On August 1, the USD/JPY fell sharply by about 3 yen, which was referred to as the "employment statistics shock," but after the week starting August 4, it continued to decline to the 146 yen range several times, although it showed a relatively hesitant downward trend. The reason for this is likely due to a pause in the rapid contraction of the interest rate differential between Japan and the United States (USD superiority and JPY inferiority) that occurred due to the "employment statistics shock" (see Chart 1).

[Figure 1] USD/JPY and the US-Japan 2-Year Bond Yield Spread (From April 2025) Source: Created by Monex Securities based on data from Refinitiv. So why has the narrowing of the interest rate differential between Japan and the U.S. paused since this week (the week of August 4)? The main reason is likely due to the pause in the sharp decline of U.S. interest rates caused by the "employment statistics shock." The U.S. 2-year Treasury yield, which reflects monetary policy, dropped significantly from the 3.9% range before the employment statistics were released to near 3.7% after the announcement, a decline of over 0.2%. However, this week, there has been a noticeable reluctance to continue falling (see Chart 2).

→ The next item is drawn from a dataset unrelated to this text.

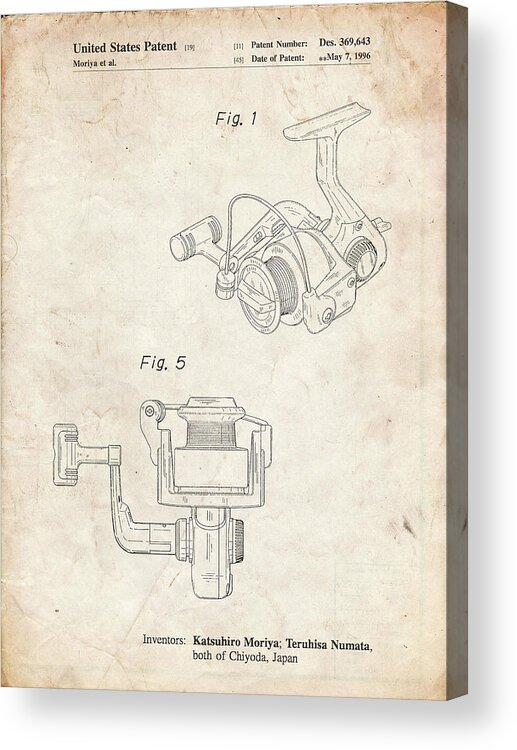 Pp973-vintage Parchment Open Face Spinning Fishing Reel Patent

So why did the yield on the US 2-year Treasury bond struggle to decline this week?

[Figure 2] Japan-US 2-Year Bond Yield (From January 2025) Source: Created by Monex Securities from Refinitiv data.

Incorporating Early Rate Cuts Resumed in Just One Day = "Employment Statistics Shock"

As mentioned above, the yield on the US 2-year Treasury moves in line with monetary policy. Therefore, when the view strengthens that the Federal Funds rate (FF rate), which is the policy interest rate in the US, will be lowered early, it will generally decline significantly in anticipation of the drop in the FF rate (see Chart 3).

[Figure 3] FF Rate and US 2-Year Bond Interest Rate (2017 - ) Source: Created by Monex Securities from Refinitiv data In addition, when the Federal Reserve began its "preventive interest rate cuts" in August 2019 during the first term of the Trump administration, the yield on the 2-year U.S. Treasury bond fell more than 0.7% below the upper limit of the FF rate guidance before the rate cuts started.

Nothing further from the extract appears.